Cuando se acaba el puesto, cuando se agotan los recursos o cuando aparece alguien con más “sobrecitos” que repartir, la multitud se desvanece con la misma rapidez con que llegó. Se van como moscas que terminaron de chupar la miel derramada. Y entonces el supuesto líder, herido en su orgullo, suele calificar de traidores a quienes se marcharon. En realidad, nunca tuvo seguidores: tuvo clientes.
Existe otro camino, más arduo y menos vistoso, pero infinitamente más sólido.

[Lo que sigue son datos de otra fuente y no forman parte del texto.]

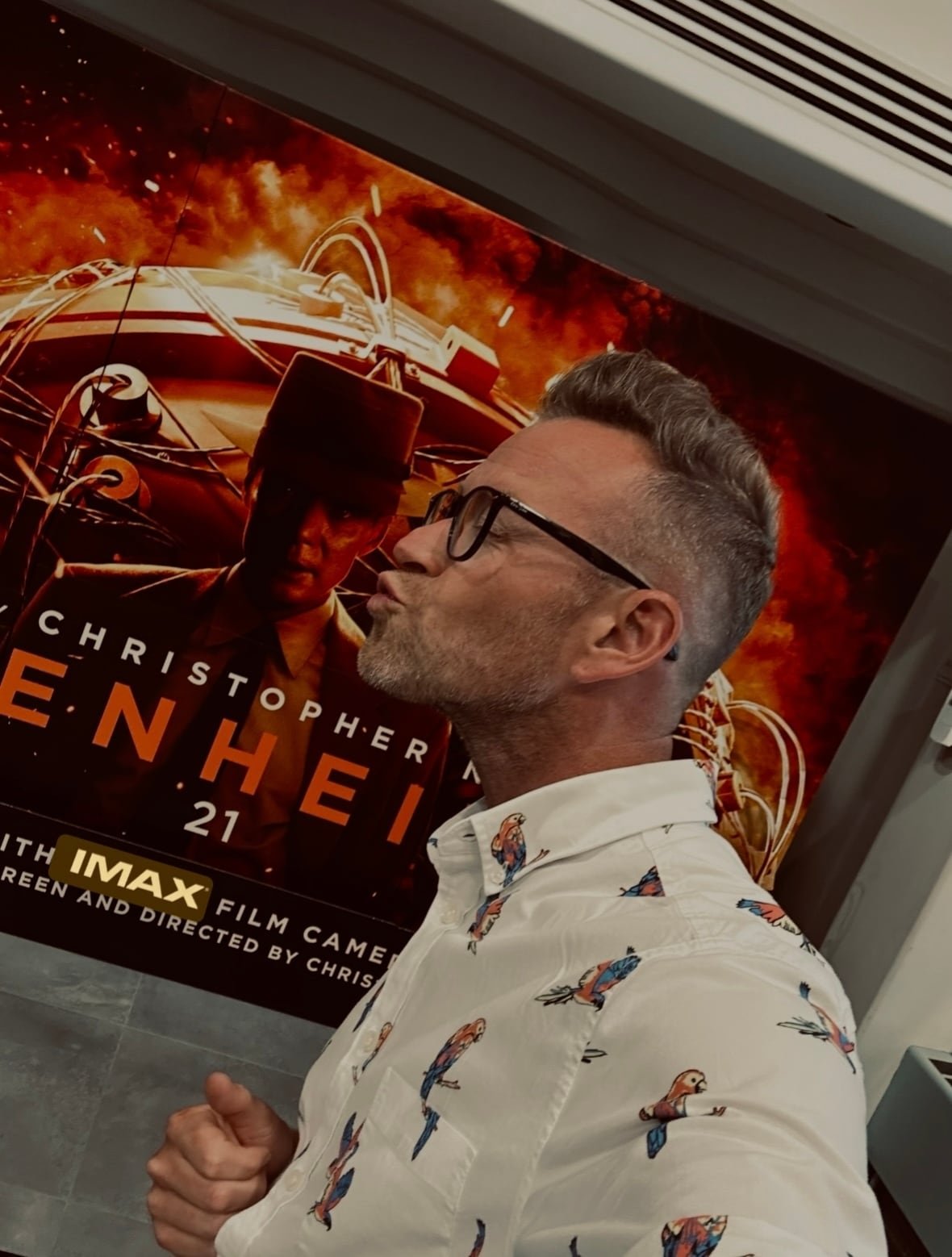 Man standing in front of an Oppenheimer movie poster.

Es el liderazgo que no se compra con migajas ni se impone con presión. Es el que se construye día a día, con ideas claras, con empatía genuina, con una visión que trasciende el beneficio inmediato y ofrece esperanza real. Este líder no necesita repartir nada material para ser seguido: reparte confianza. No promete puestos ni canastas: promete un rumbo. Y porque su causa es mayor que su persona, la gente no lo sigue por lo que les da, sino por lo que les hace sentir: dignos, útiles, parte de algo que vale la pena.

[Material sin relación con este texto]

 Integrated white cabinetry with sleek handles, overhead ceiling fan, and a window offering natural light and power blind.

Ese liderazgo no se derrumba cuando cambia el gobierno ni se evapora cuando se acaba el dinero. Se renueva en cada acto ético, en cada decisión difícil tomada por el bien común, en cada palabra cumplida. Ese es el liderazgo moral. Y ese permanece.
Me viene esta reflexión después de releer un artículo que, en febrero de 2014, publicó el doctor Leonel Fernández titulado “El poder y el liderazgo: entre puestos y sobrecitos”. En él relata dos anécdotas de su vida política; una de ellas, ocurrida en Dajabón, es particularmente iluminadora:
“Estábamos en uno de esos tradicionales recorridos navideños por la frontera. Llevábamos música, juguetes, canastas y también unos sobrecitos amarillos con dinero que habían donado empresarios amigos”.
“ El compañero Paulino Sánchez, que manejaba el vehículo, se impresionó al ver cómo una multitud se agolpaba en torno al compañero Pedro, encargado en ese momento de repartir los sobres”.
“¡Presidente, mire cómo Pedro se convirtió en líder de la noche a la mañana!, me dijo entusiasmado, ¡Nunca había visto a tanta gente tan enardecida!”
“ Yo le respondí: Paulino, observe bien. Ahora vamos a pasarle los sobrecitos al compañero Manuel Reyes y veremos qué pasa”.
“Así lo hicimos. En cuestión de segundos, la muchedumbre abandonó a Pedro y se lanzó tras Reyes como si nada hubiera ocurrido” .
“Paulino no pudo contener la risa. En ese instante entendió la lección: el liderazgo que se construye sobre la dádiva dura lo que dura el sobre en la mano”.
Esa anécdota resume perfectamente la diferencia entre el poder transitorio y el liderazgo auténtico.
Hoy, cuando muchos confunden la capacidad de repartir favores con la estatura de un líder, vale la pena recordarlo: la lealtad que se compra se vende al mejor postor; la lealtad que se gana con principios no tiene precio.
Trabajemos, entonces, por el segundo tipo de liderazgo. Uno que no necesite sobrecitos para ser seguido. Uno que inspire fe, confianza y esperanza. Uno que, cuando ya no esté, deje detrás personas libres y dignas… y no clientes agradecidos.
Porque el verdadero liderazgo no se mide por la cantidad de gente que te rodea cuando tienes algo que dar, sino por la cantidad de gente que permanece a tu lado cuando ya no tienes nada que ofrecer, salvo tu palabra y tu ejemplo.
El autor es docente universitario y dirigente político.